- Bhandal Dona Location in Punjab, India Bhandal Dona Bhandal Dona (India)
- Coordinates: 31°17′23″N 75°22′04″E﻿ / ﻿31.289823°N 75.367816°E
- Country: India
- State: Punjab
- District: Kapurthala

Government
- • Type: Panchayati raj (India)
- • Body: Gram panchayat

Population (2011)
- • Total: 1,063
- Sex ratio 532/531♂/♀

Languages
- • Official: Punjabi
- • Other spoken: Hindi
- Time zone: UTC+5:30 (IST)
- PIN: 144602
- Telephone code: 01822
- ISO 3166 code: IN-PB
- Vehicle registration: PB-09

= Bhandal Dona =

Bhandal Dona is a village in Kapurthala district of Punjab State, India. It is located 12 km from Kapurthala, which is both district and sub-district headquarters of Bhandal Dona. The village is administrated by a Sarpanch who is an elected representative of village as per the constitution of India and Panchayati raj (India).

== Demography ==
According to the report published by Census India in 2011, Bhandal Dona has total number of 192 houses and population of 1,063 of which include 532 males and 531 females.

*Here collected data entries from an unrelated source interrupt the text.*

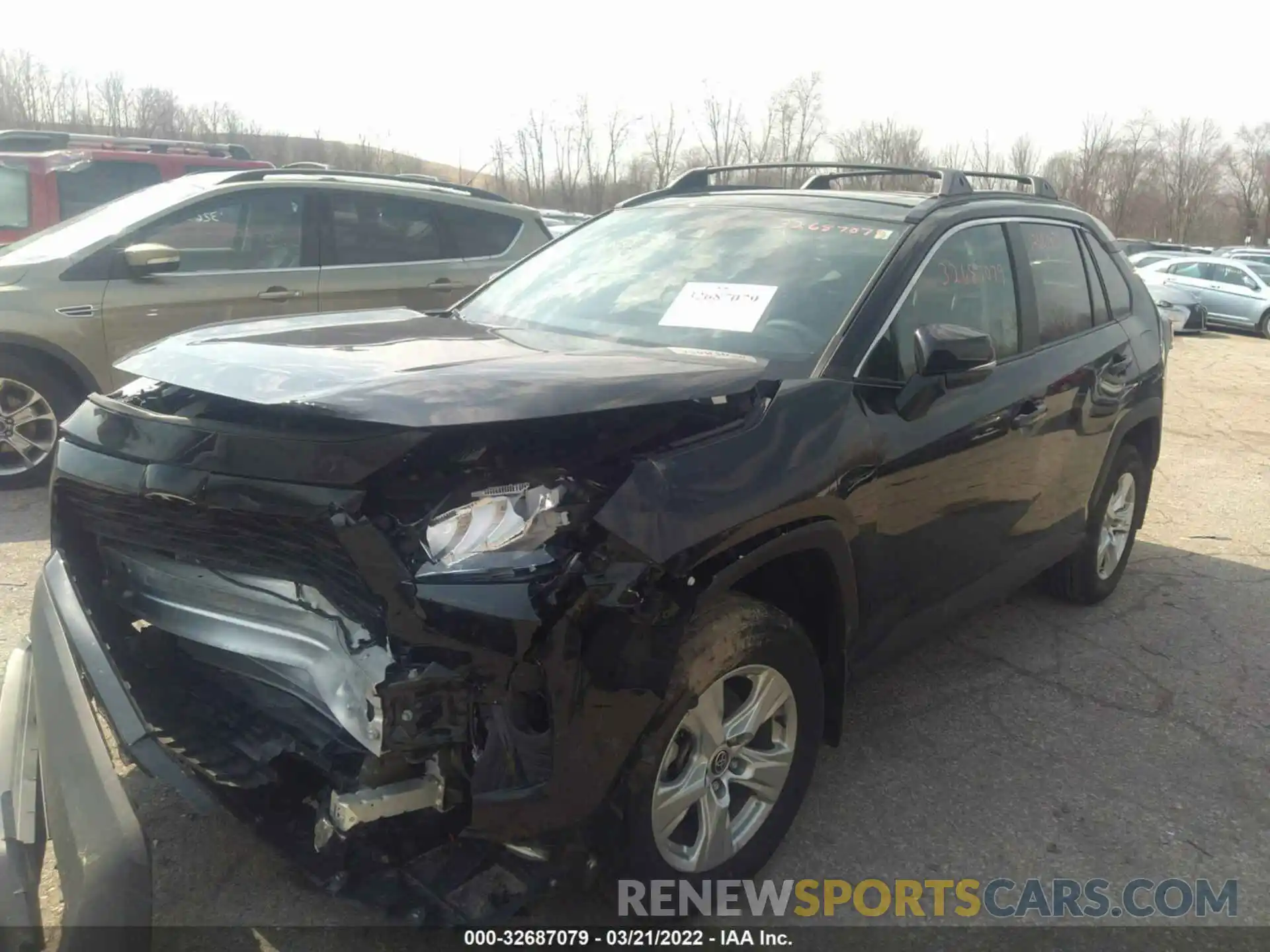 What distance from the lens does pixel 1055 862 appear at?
121 inches

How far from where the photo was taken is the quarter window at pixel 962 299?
10.6 ft

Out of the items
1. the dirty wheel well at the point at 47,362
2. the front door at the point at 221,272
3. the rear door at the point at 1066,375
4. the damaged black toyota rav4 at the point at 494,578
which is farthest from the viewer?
the front door at the point at 221,272

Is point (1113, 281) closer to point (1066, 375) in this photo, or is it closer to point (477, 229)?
point (1066, 375)

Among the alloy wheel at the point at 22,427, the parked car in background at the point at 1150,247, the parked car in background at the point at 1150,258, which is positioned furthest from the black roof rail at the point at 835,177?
the parked car in background at the point at 1150,247

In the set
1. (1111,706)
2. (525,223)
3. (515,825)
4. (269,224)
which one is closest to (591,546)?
(515,825)

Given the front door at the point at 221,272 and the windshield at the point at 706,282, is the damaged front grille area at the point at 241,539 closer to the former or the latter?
the windshield at the point at 706,282

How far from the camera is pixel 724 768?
267 cm

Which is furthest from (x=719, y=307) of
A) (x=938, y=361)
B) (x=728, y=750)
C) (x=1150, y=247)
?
(x=1150, y=247)

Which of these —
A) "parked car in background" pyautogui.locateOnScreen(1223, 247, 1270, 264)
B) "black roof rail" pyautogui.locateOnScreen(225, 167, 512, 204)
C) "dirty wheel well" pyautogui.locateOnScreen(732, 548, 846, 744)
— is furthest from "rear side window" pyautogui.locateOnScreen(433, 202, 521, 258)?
"parked car in background" pyautogui.locateOnScreen(1223, 247, 1270, 264)

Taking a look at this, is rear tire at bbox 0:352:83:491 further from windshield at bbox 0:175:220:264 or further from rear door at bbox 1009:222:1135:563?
rear door at bbox 1009:222:1135:563

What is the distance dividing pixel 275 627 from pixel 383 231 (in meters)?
5.12

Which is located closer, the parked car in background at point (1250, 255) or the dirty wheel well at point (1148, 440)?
the dirty wheel well at point (1148, 440)

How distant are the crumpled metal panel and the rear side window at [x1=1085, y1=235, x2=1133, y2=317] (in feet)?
13.0

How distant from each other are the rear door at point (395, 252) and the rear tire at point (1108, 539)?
4.07 metres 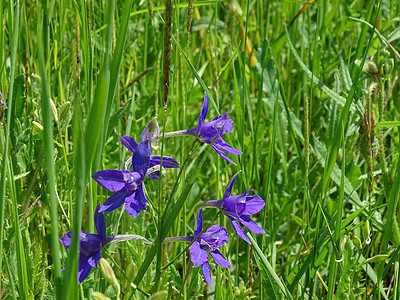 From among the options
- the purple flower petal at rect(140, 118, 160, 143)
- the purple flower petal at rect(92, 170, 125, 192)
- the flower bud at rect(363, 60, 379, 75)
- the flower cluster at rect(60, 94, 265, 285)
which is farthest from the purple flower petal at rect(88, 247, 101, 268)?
the flower bud at rect(363, 60, 379, 75)

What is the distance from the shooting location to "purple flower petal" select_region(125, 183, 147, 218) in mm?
995

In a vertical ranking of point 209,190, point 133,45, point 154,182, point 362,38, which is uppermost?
point 362,38

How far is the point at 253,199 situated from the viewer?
3.77 ft

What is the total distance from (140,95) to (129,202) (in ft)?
5.01

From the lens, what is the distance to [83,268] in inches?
39.2

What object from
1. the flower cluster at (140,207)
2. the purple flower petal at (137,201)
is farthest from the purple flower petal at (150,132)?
the purple flower petal at (137,201)

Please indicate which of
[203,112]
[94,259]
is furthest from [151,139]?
[94,259]

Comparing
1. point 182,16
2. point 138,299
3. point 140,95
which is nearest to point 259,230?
point 138,299

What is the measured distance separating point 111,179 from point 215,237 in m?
0.22

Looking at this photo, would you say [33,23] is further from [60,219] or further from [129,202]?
[129,202]

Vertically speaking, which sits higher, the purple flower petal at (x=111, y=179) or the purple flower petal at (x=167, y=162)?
the purple flower petal at (x=111, y=179)

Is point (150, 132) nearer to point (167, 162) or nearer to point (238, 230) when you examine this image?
point (167, 162)

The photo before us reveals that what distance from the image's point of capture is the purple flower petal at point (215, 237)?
43.5 inches

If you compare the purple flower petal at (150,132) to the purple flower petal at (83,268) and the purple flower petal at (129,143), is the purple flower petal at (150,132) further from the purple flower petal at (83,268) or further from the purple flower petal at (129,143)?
the purple flower petal at (83,268)
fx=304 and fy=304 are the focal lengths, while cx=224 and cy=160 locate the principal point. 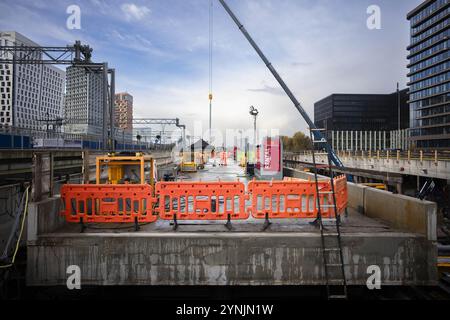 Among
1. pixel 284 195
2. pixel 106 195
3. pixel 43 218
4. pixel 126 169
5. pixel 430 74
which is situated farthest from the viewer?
pixel 430 74

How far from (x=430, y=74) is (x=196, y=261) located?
10116 centimetres

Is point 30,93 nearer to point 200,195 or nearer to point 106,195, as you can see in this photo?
point 106,195

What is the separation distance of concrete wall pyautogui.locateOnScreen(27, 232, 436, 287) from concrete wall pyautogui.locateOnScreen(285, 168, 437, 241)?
35 centimetres

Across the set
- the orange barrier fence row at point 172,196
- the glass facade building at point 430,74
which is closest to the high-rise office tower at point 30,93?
the orange barrier fence row at point 172,196

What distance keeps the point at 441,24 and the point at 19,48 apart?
94.8 metres

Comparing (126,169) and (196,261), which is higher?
(126,169)

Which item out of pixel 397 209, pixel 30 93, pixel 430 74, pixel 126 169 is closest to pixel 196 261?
pixel 126 169

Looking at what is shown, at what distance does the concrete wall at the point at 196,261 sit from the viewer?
5930 mm

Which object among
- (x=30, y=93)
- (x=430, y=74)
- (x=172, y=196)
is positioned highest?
(x=430, y=74)

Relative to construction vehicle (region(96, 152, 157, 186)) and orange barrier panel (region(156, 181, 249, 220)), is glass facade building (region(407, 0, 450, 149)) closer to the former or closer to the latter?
construction vehicle (region(96, 152, 157, 186))

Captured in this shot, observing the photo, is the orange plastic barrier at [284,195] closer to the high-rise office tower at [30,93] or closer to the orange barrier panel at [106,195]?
the orange barrier panel at [106,195]

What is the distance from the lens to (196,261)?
594 centimetres

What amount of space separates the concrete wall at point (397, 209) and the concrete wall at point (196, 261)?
0.35 metres

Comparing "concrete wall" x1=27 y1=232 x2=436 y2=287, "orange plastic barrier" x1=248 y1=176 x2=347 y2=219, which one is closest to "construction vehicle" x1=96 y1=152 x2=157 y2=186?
"concrete wall" x1=27 y1=232 x2=436 y2=287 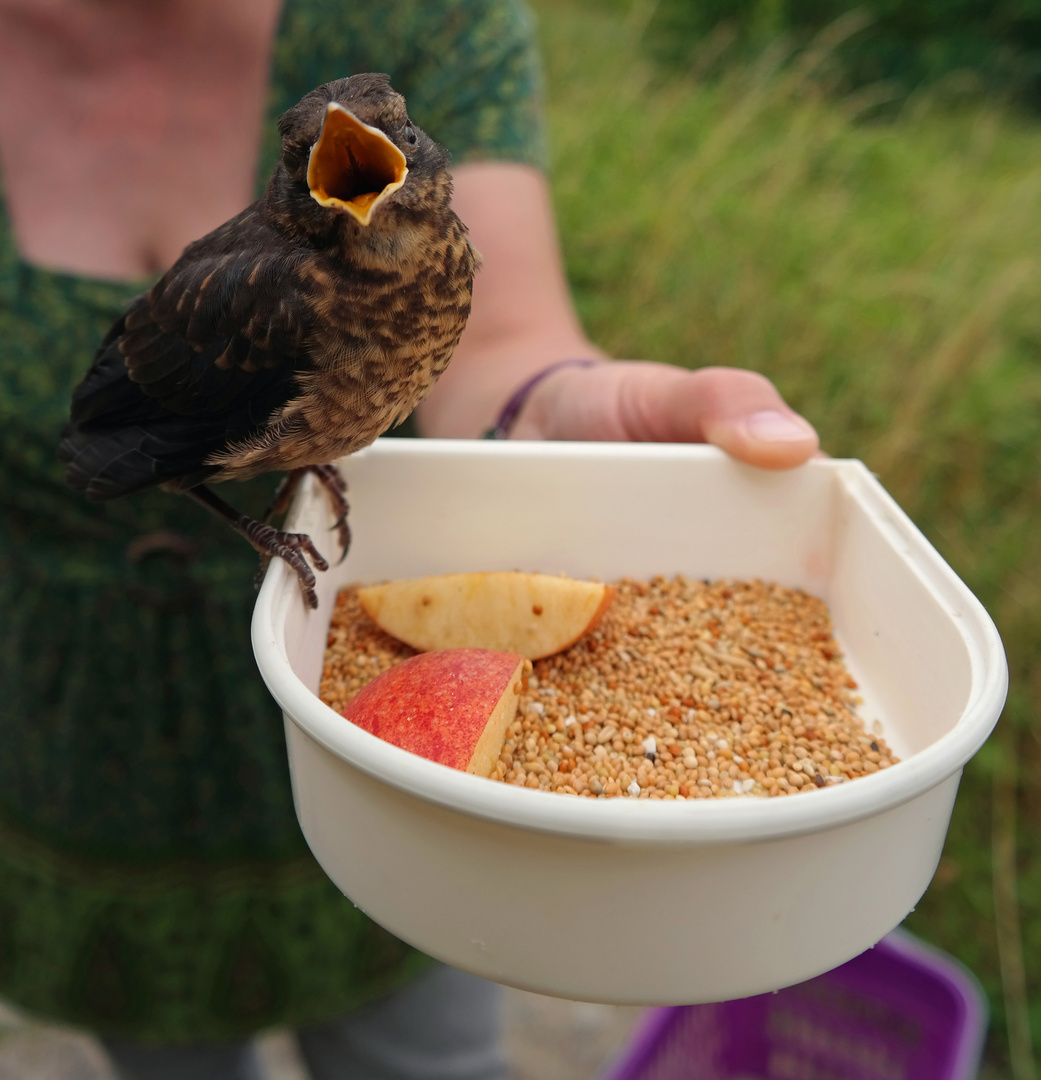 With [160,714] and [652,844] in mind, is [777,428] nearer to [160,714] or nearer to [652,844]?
[652,844]

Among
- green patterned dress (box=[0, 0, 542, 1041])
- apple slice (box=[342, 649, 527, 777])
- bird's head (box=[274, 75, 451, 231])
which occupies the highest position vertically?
bird's head (box=[274, 75, 451, 231])

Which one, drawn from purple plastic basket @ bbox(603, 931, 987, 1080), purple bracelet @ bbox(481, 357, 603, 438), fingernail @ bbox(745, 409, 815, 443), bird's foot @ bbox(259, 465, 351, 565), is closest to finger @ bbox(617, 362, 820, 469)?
fingernail @ bbox(745, 409, 815, 443)

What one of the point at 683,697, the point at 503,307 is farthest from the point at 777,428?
the point at 503,307

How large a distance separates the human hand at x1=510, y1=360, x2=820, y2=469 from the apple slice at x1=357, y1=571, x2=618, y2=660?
309mm

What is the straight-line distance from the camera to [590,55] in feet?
20.5

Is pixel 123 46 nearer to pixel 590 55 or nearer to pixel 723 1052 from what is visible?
pixel 723 1052

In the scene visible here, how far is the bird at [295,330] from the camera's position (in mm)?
980

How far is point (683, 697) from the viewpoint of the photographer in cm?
126

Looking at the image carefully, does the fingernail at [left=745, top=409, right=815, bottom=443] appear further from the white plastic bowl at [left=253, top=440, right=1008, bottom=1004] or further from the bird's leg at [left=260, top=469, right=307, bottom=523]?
the bird's leg at [left=260, top=469, right=307, bottom=523]

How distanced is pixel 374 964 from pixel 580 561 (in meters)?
1.21

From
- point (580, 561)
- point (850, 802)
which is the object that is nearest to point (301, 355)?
point (580, 561)

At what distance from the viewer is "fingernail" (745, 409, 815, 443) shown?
136 cm

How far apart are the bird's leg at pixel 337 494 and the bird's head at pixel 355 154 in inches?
16.4

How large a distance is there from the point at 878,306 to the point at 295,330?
3.35 metres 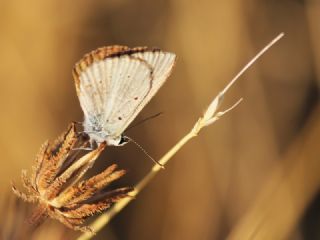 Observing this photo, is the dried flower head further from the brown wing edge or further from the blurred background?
the blurred background

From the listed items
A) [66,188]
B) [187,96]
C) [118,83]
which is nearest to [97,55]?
[118,83]

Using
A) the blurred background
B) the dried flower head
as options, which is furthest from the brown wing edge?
the blurred background

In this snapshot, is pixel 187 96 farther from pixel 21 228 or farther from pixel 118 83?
pixel 21 228

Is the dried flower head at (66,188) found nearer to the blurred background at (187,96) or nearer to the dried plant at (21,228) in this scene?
the dried plant at (21,228)

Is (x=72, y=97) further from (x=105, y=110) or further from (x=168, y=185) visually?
(x=105, y=110)

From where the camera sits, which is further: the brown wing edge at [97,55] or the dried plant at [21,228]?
the brown wing edge at [97,55]

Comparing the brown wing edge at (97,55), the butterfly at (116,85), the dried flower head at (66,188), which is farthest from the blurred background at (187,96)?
the dried flower head at (66,188)

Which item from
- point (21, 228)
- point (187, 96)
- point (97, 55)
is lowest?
point (21, 228) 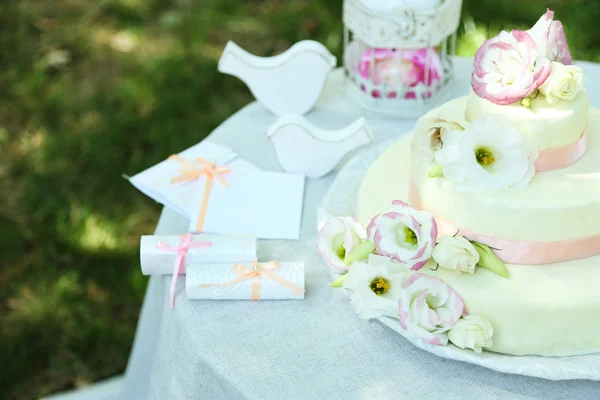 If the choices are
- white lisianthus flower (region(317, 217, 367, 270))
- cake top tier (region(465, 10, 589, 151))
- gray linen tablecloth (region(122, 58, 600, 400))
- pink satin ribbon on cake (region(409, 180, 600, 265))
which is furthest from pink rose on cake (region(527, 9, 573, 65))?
gray linen tablecloth (region(122, 58, 600, 400))

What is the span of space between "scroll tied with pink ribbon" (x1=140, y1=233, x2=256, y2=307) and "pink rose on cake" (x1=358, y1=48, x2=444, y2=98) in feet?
1.97

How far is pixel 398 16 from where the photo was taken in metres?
1.62

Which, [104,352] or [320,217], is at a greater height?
[320,217]

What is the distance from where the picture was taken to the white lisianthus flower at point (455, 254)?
1.10 m

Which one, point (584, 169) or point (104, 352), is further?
point (104, 352)

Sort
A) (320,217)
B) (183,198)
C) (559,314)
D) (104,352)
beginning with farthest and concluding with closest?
(104,352) → (183,198) → (320,217) → (559,314)

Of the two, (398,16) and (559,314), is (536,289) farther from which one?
(398,16)

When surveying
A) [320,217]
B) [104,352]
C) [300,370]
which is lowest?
[104,352]

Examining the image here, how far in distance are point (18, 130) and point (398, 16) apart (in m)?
1.86

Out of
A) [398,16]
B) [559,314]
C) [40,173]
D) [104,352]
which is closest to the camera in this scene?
[559,314]

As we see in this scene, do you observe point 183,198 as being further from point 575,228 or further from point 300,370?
point 575,228

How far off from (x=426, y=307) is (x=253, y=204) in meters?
0.51

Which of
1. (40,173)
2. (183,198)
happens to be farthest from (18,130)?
(183,198)

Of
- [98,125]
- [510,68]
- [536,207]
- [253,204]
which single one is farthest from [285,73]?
[98,125] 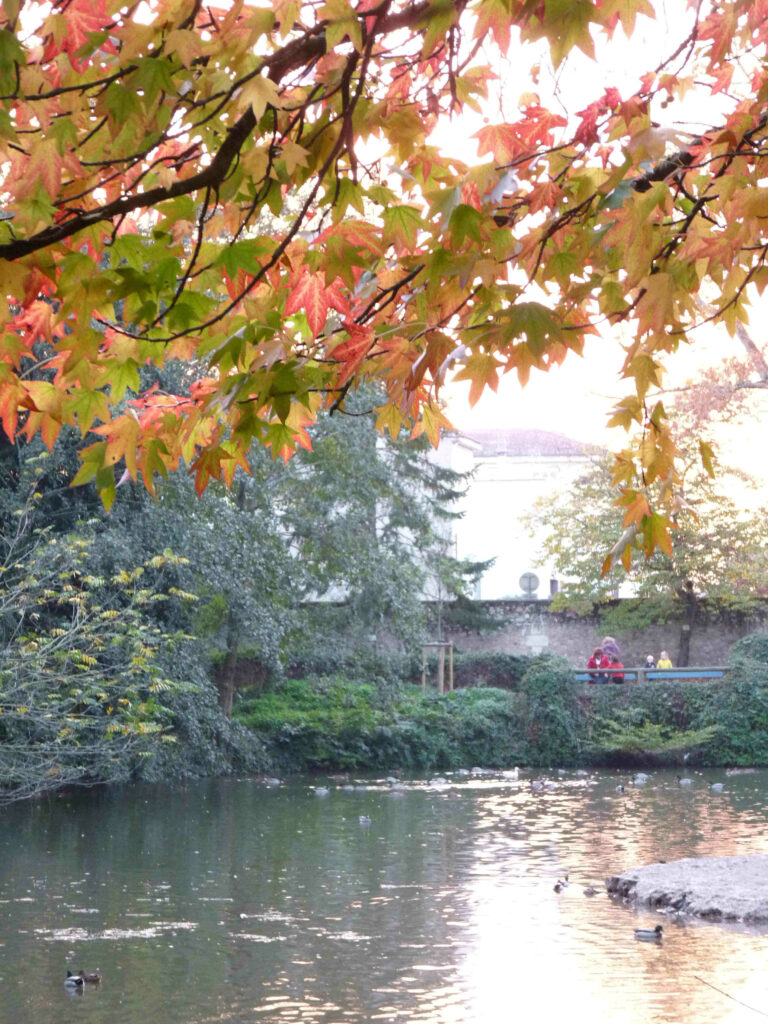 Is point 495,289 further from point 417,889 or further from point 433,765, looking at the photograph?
point 433,765

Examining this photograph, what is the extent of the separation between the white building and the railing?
1979 cm

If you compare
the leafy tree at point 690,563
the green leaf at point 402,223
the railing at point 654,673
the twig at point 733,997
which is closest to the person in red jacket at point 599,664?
the railing at point 654,673

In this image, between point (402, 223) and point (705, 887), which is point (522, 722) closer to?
point (705, 887)

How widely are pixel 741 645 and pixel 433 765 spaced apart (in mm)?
7833

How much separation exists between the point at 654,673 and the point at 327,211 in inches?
1074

Literacy rate of Bhandal Dona is 77.02%, higher than state average of 75.84%. The population of children under the age of 6 years is 123 which is 11.57% of total population of Bhandal Dona, and child sex ratio is approximately 1050, higher than state average of 846.

== Population data ==

| Particulars | Total | Male | Female |
|---|---|---|---|
| Total No. of Houses | 192 | - | - |
| Population | 1,063 | 532 | 531 |
| Child (0–6) | 123 | 60 | 63 |
| Schedule Caste | 437 | 216 | 221 |
| Schedule Tribe | 0 | 0 | 0 |
| Literacy | 77.02 % | 80.93 % | 73.08 % |
| Total Workers | 347 | 284 | 63 |
| Main Worker | 225 | 0 | 0 |
| Marginal Worker | 122 | 72 | 50 |

==Air travel connectivity==
The closest airport to the village is Sri Guru Ram Dass Jee International Airport.